ATLANTA --- The General Assembly will try again to restrict where thousands of registered sex offenders can live after the state Supreme Court struck down a law intended to do that, two key Republican lawmakers said .
House Majority Leader Jerry Keen, R-St. Simons Island, and Rep. David Ralston, R-Blue Ridge, chairman of the House committee that handles criminal law, announced their intention Monday in a press conference outside the House chamber.
"Now, we basically have opened the borders and invited them to come to Georgia and live anywhere they want to," Mr. Keen said.
He sponsored legislation in 2006 that added to the list of locations sex offenders had to avoid when choosing a place to live.
The high court struck down that law, which required sex offenders to live at least 1,000 feet away from a school, church, day-care center or other places where children congregate.
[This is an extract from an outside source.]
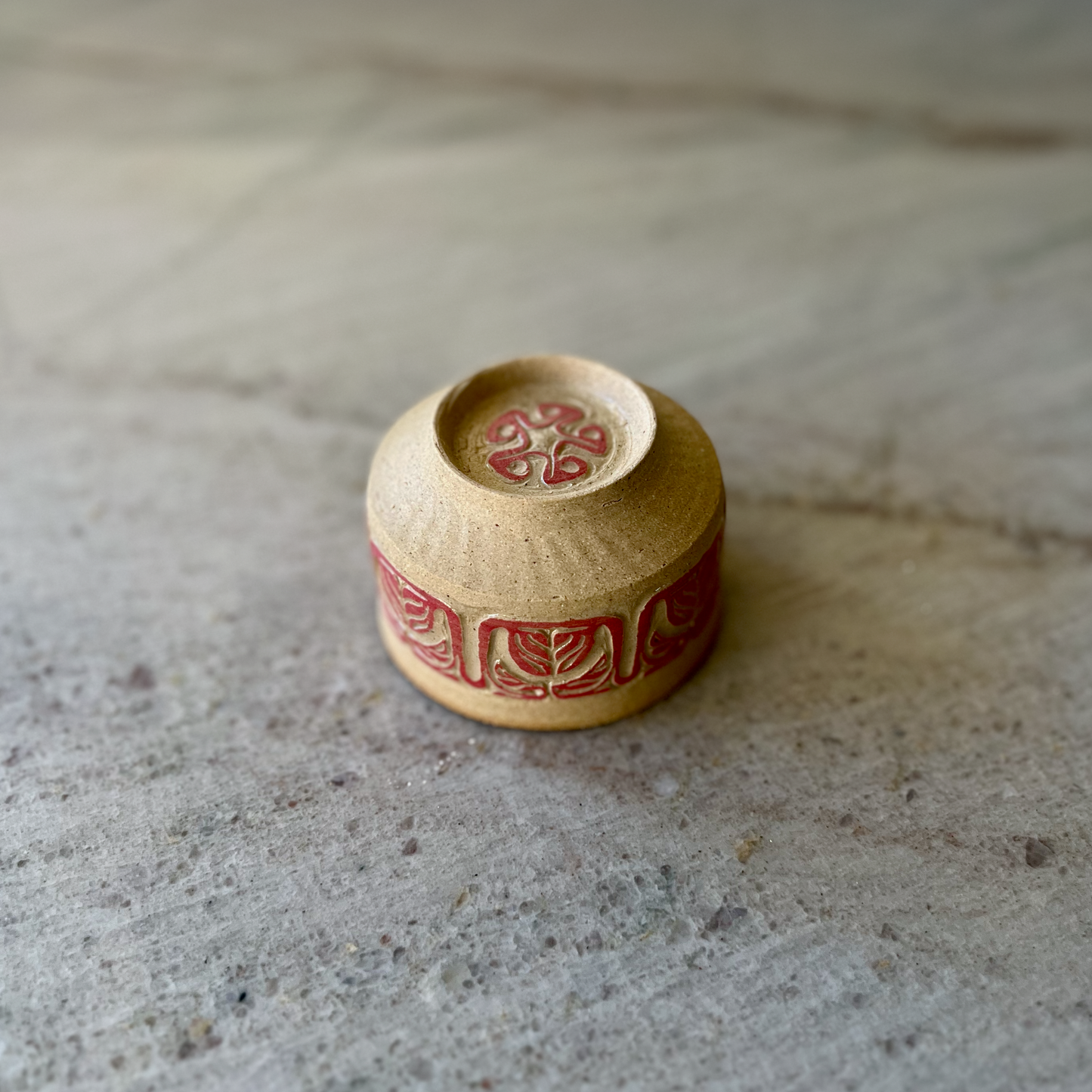 Sandy Clay Teacup with Red Carving 2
Justices ruled that forcing a homeowner to leave his property because a day-care center moved in nearby violated the "takings" clause of the U.S. Constitution, which regulates when government can seize property and requires adequate compensation when it does.
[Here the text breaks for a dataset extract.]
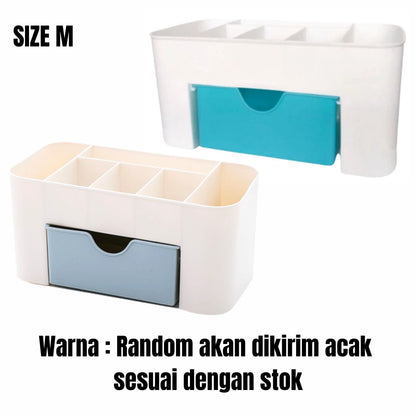 Rak Kosmetik Laci Makeup / Kotak Tempat Penyimpanan Storage Box Organizer Serbaguna Remote TV AC Brush Make Up Lipstik Aksesoris /  Plastik Wadah Perhiasan Kutek Parfum Gunting Makeup Sekat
The new proposal would allow a registered sex offender who is also a homeowner to continue living in that residence even if a place where children congregate moves in.
Augusta Judicial Circuit District Attorney Danny Craig said Monday that most state prosecutors want clarity on the issue.
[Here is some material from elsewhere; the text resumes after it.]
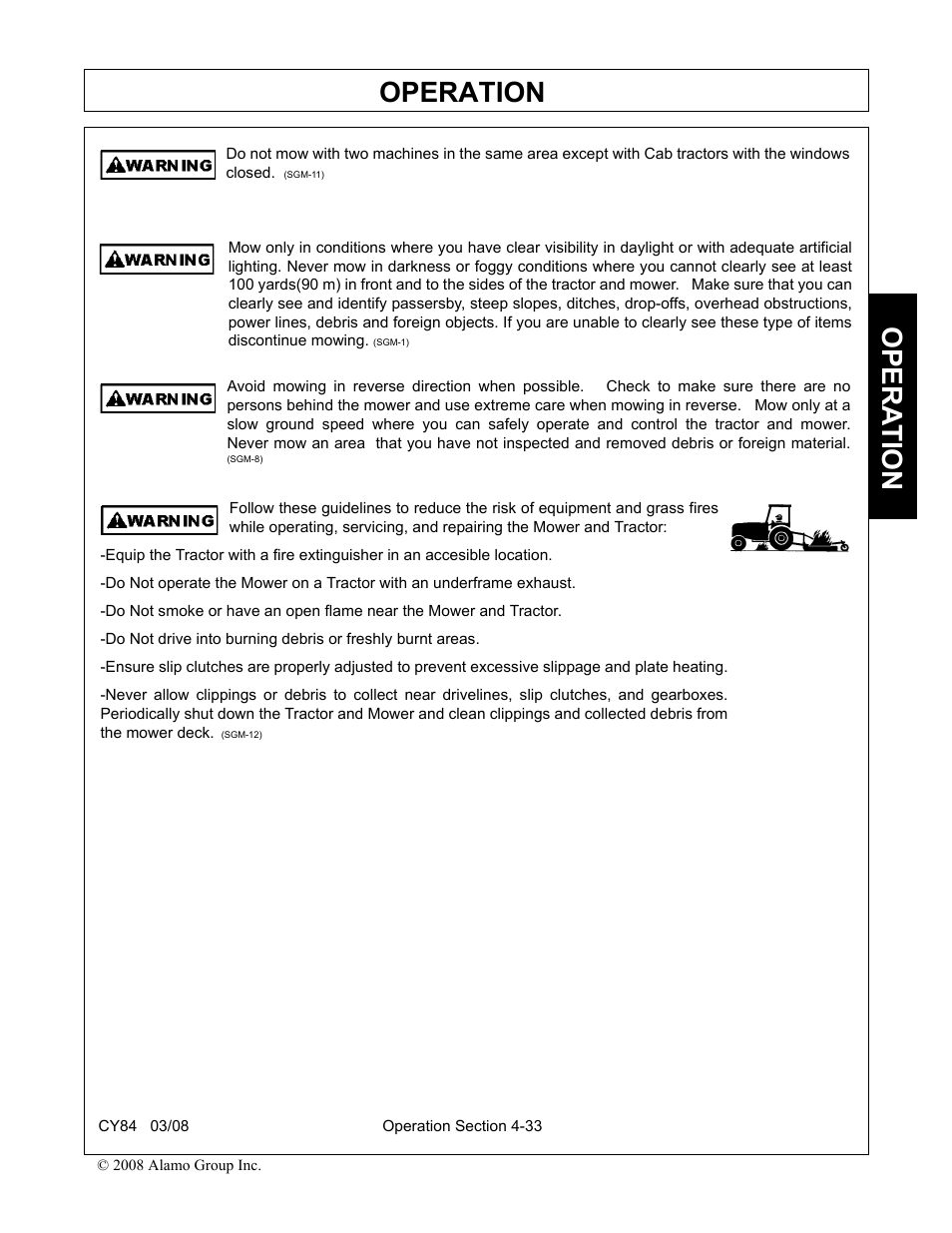 Operation, Opera t ion | Servis-Rhino CY84 User Manual | Page 121 / 146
"We're awaiting a ruling on the attorney general's motion for reconsideration and clarification," he wrote in an e-mail. "Without clarification, it is not possible to determine the breadth of the Court's opinion. And if the Court's ruling applies only to prevent third parties from displacing a registered sex offender who is in compliance with the statutory restrictions, every prosecutor in Georgia agrees with the constitutional jurisprudence of such ruling."
Mr. Ralston, who will be the lead sponsor on the new legislation, said his committee would hold the first hearings next week and would move to approve the bill once the General Assembly reconvenes in January.
"We're concerned that Georgia, without this, is going to become a dumping ground for these people that we've been trying to protect our children from," Mr. Ralston said.
But critics say Mr. Keen and Mr. Ralston's proposed revision is no better than the original.
"It's extremely likely that the courts would strike this law just as they did the previous one," said Sarah Geraghty, an attorney with the Southern Center for Human Rights, which has filed a separate federal lawsuit.
She said the legislation doesn't provide for leaseholders, who have many of the same rights as property owners, according to court rulings. She said the new residence restrictions would also still affect Georgians who registered because they had consensual teen sex.
Staff Writer Sandy Hodson contributed to this report.